Q. Which part of this assignment challenged your understanding the most?
-> Part C: As it made me look into the llama architecture in a greater detail than I have ever done and figure out the ins and outs of the model. I learned at lot about GQA and LlamaMLP(gate, up, down project) layers from this.

Q. If you had one more week to work on this, how would you improve your solutions?
-> The filtering part used in the part C is very primitive. I've checked that it does have some effect in changing the model outputs, but given more time I would have turned my attention on the GQA layer. The idea here would be to first get the attention scores (softmax probabilities) for each head, and filter the high entropy tokens there. This method could be better than current method because even though I use thresholding and llama uses layernorms, it could be that all model outputs after the final mlp layer are above my threshold and I am always supressing my output. Working with softmax probabilities make choseing a correct threshold easier.
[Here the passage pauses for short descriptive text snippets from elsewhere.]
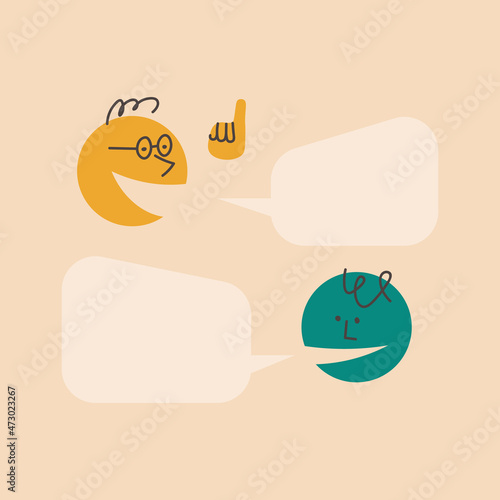 Dialogue template. People talk, argue. A man in glasses raises his finger to the top, says something, his interlocutor answers, speech bubbles above them. Question and answer. 
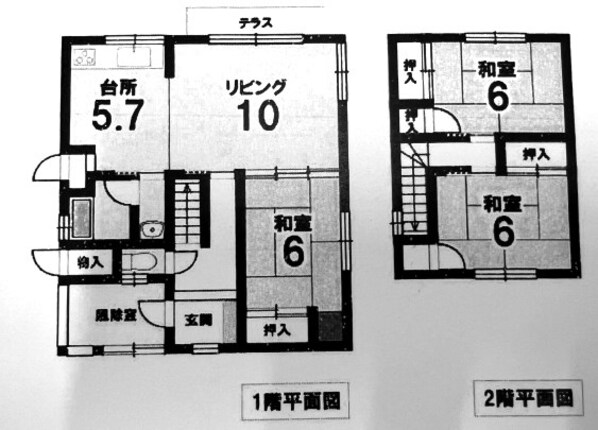 林野庁団地 徒歩15分 1-2階の物件間取画像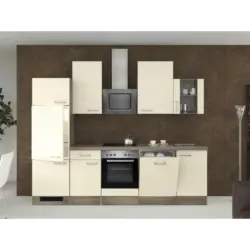 Küchenblock 280 cm in Eichefarben, Edelstahlfarben, Magnolie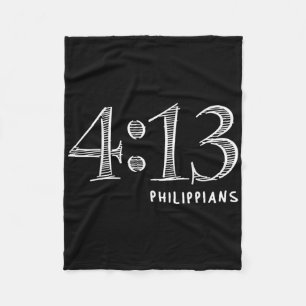 Funny Philippians 4 13 Jesus Christian On Strength Fleece Blanket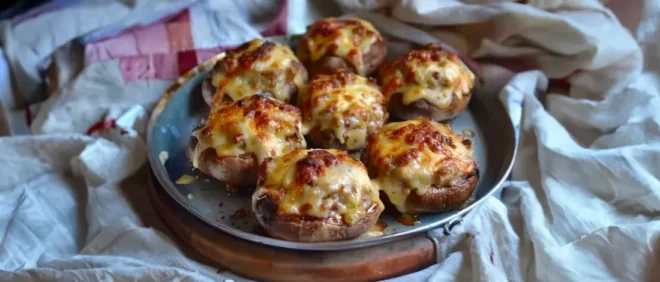 Champignons Farcis au Jambon et au Comté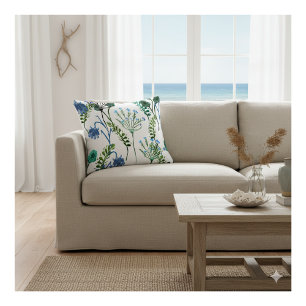 Blue Green Watercolor Wildflower  Throw Pillow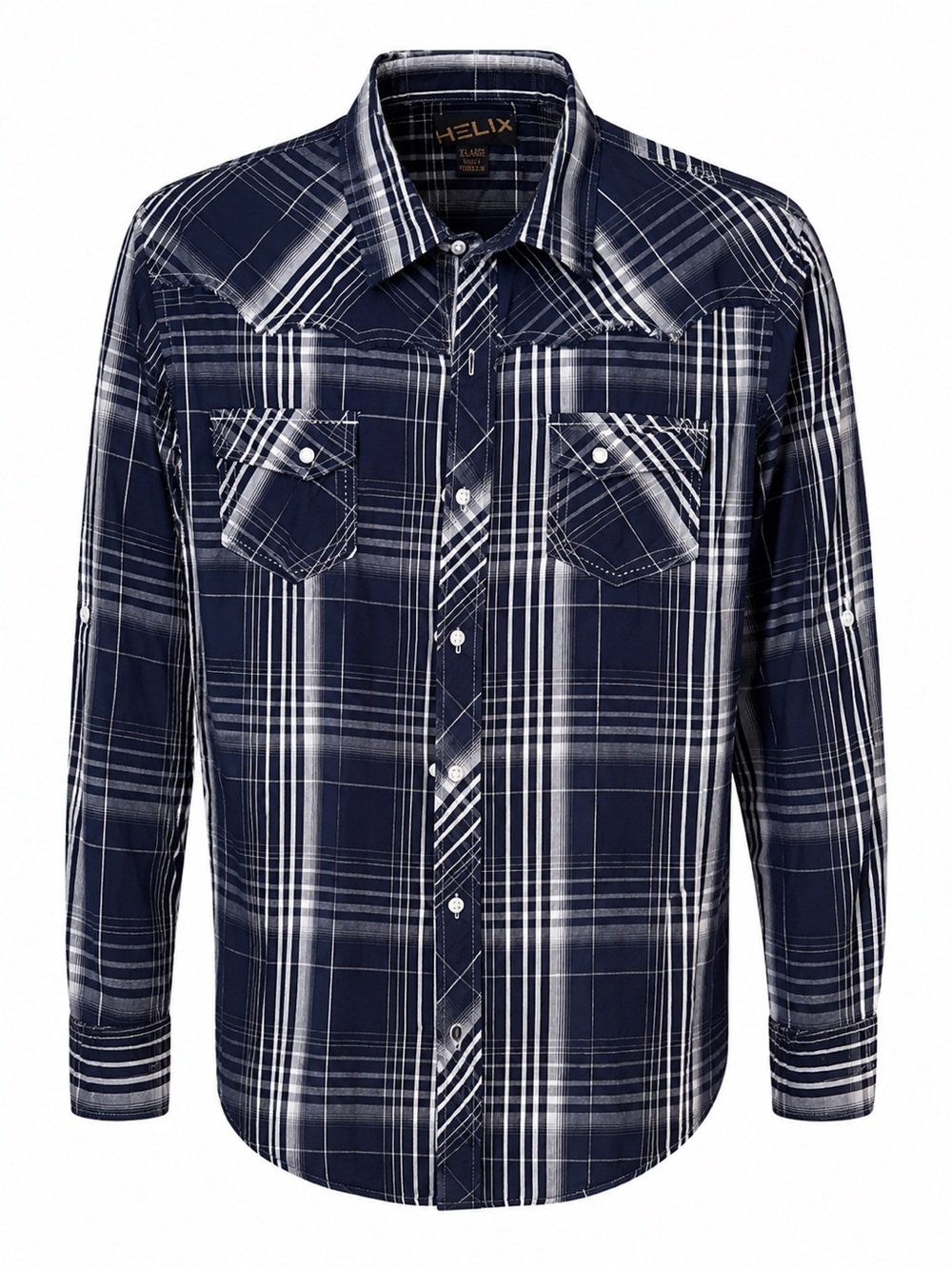 Helix Men’s XL Navy Plaid Western Shirt Pearl Snap Pockets Y2K Cowboy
Q. In your opinion, what is one aspect of the therapeutic relationship that can never be automated?
-> Humans are social creatures. Even if the job of a clinical therapist can be automated, I believe that the act to opening up to a person and discussing your issues cannot be abstracted away using automation.

###### REFERENCES
1. https://arxiv.org/pdf/2501.12948
2. https://arxiv.org/pdf/2507.20534
3. https://www.bbc.com/news/articles/cgerwp7rdlvo
4. https://chatgpt.com/share/6999d505-d150-8001-93c2-42ced78e908a

###### AI disclosure
In Part A, ChatGTP was used only for latex formatting

In Part B, Gemini was used to create demo data, and code, I have manually checked each line and ran the code to ensure it's correctness.

In Part C, Gemini was used to learn about the llama architecture and for researching papers related to hallucination dampening. I've checked the correctness of the generated code by using it in google collab to verify, if thresholding indeed does have any effect in changing model generated text.